What the task requires
An exact transcription of the records is required, minus any images.

Records shown
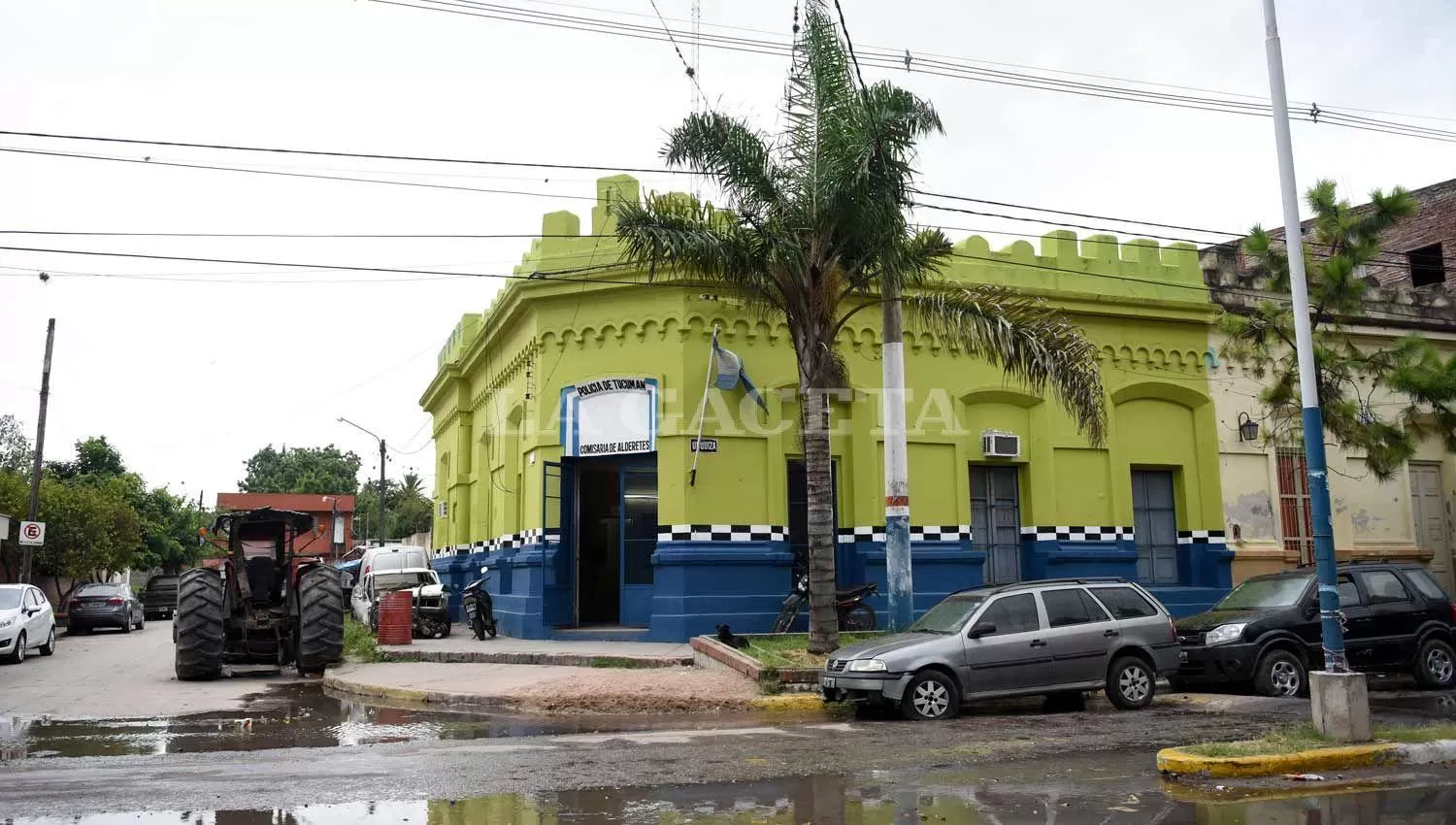 COMISARÍA DE ALDERETES. Foto: Archivo LA GACETA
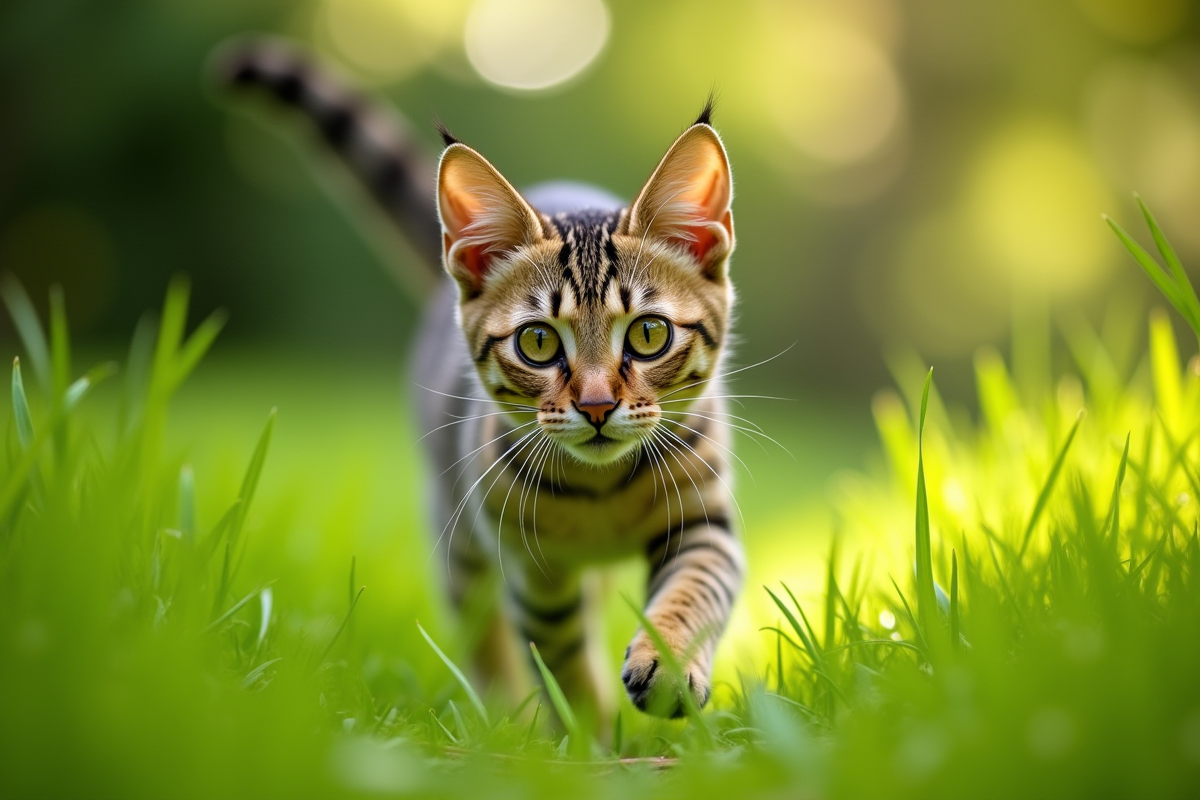 chat chasse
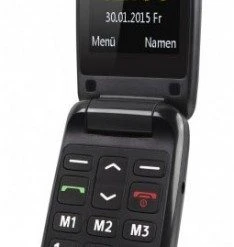 Doro Primo 401 By Doro Klapphandy Schwarz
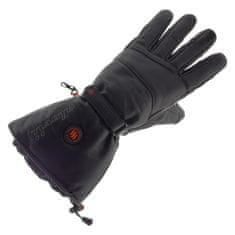 Vyhrievané kožené lyžiarske rukavice Glovii GS5, L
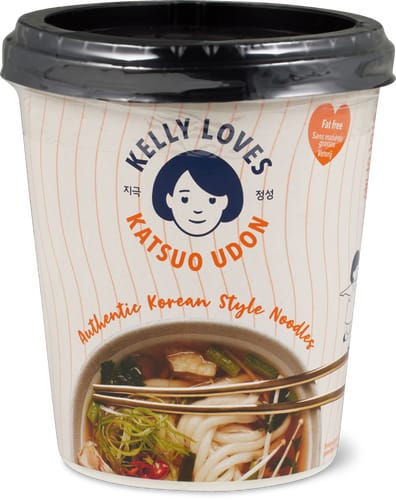 Katsuo Udon Korean Style Noodles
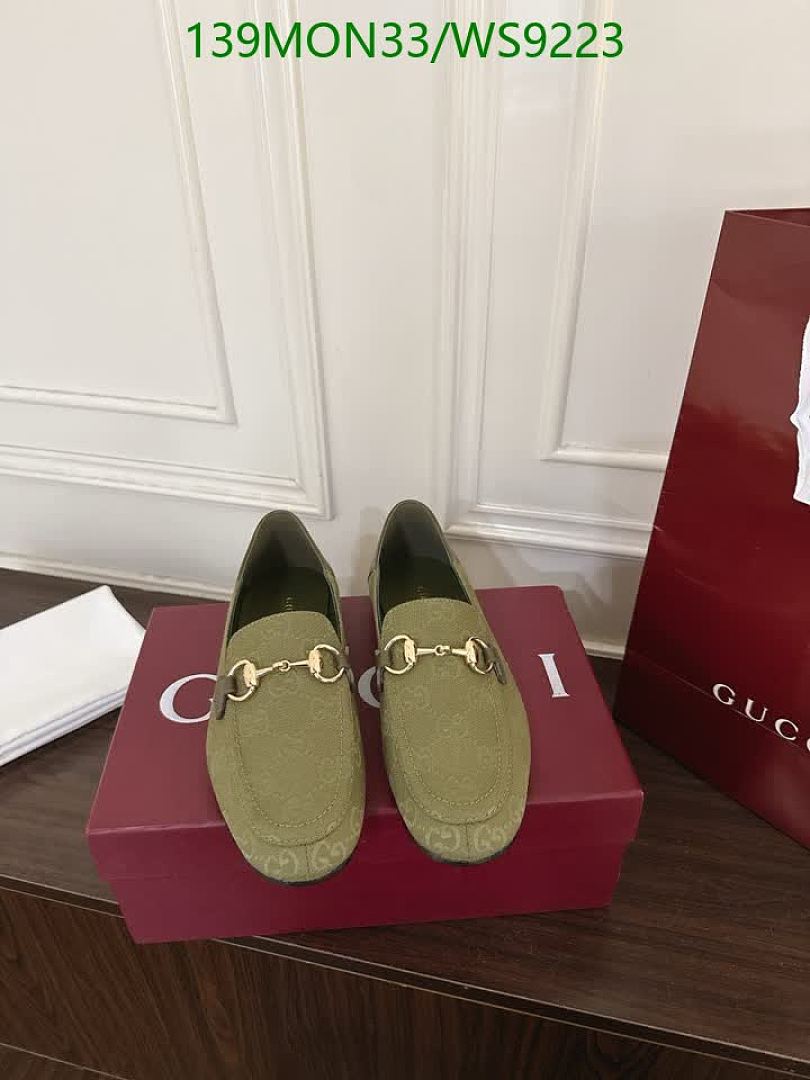 Gucci-Women Shoes Code: WS9223 $: 139USD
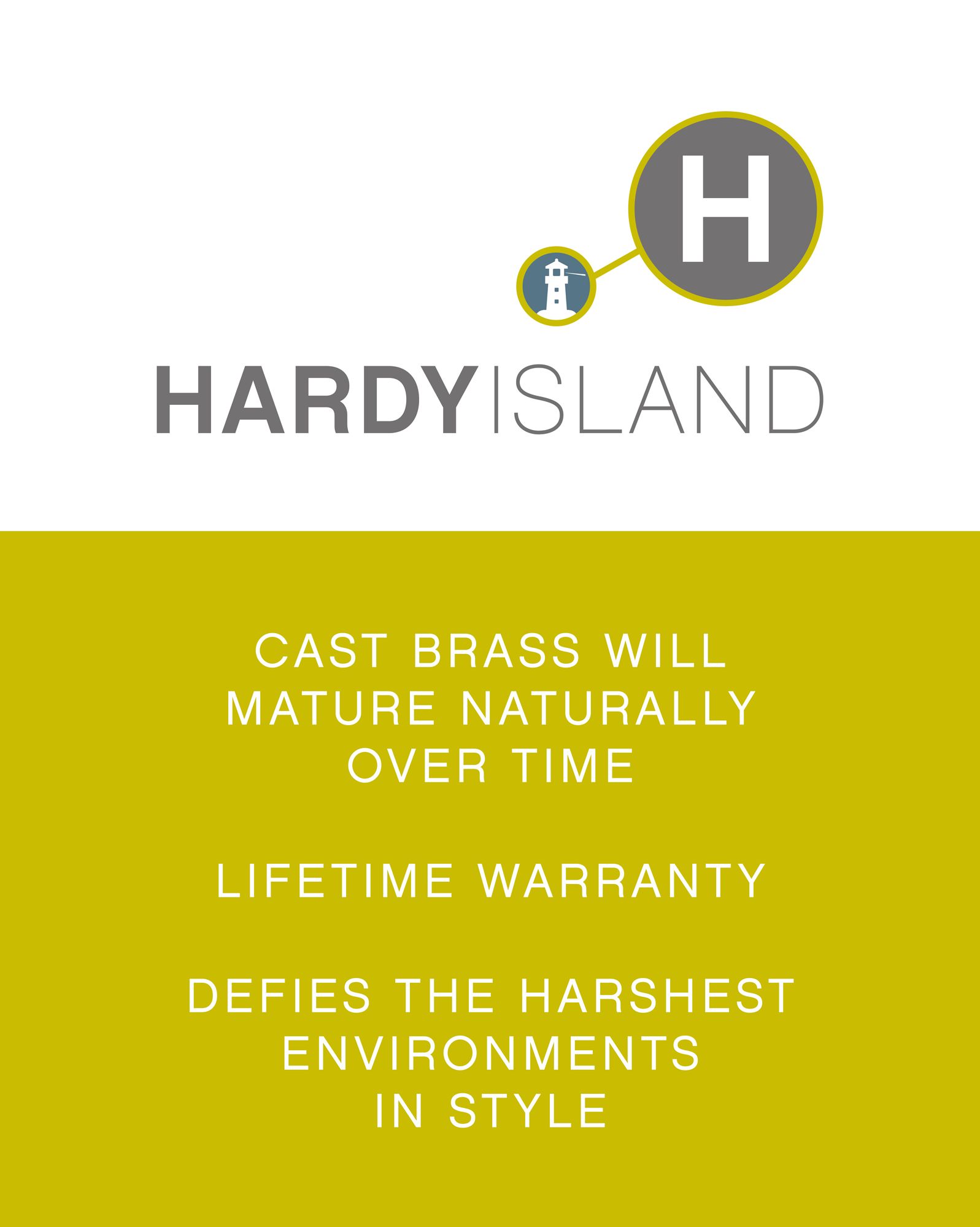 Hardy Island Bravo 3/4" High Well Light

Written response
 COMISARÍA DE ALDERETES. Foto: Archivo LA GACETA
 chat chasse
 Doro Primo 401 By Doro Klapphandy Schwarz
 Vyhrievané kožené lyžiarske rukavice Glovii GS5, L
 Katsuo Udon Korean Style Noodles
 Gucci-Women Shoes Code: WS9223 $: 139USD
 Hardy Island Bravo 3/4" High Well Light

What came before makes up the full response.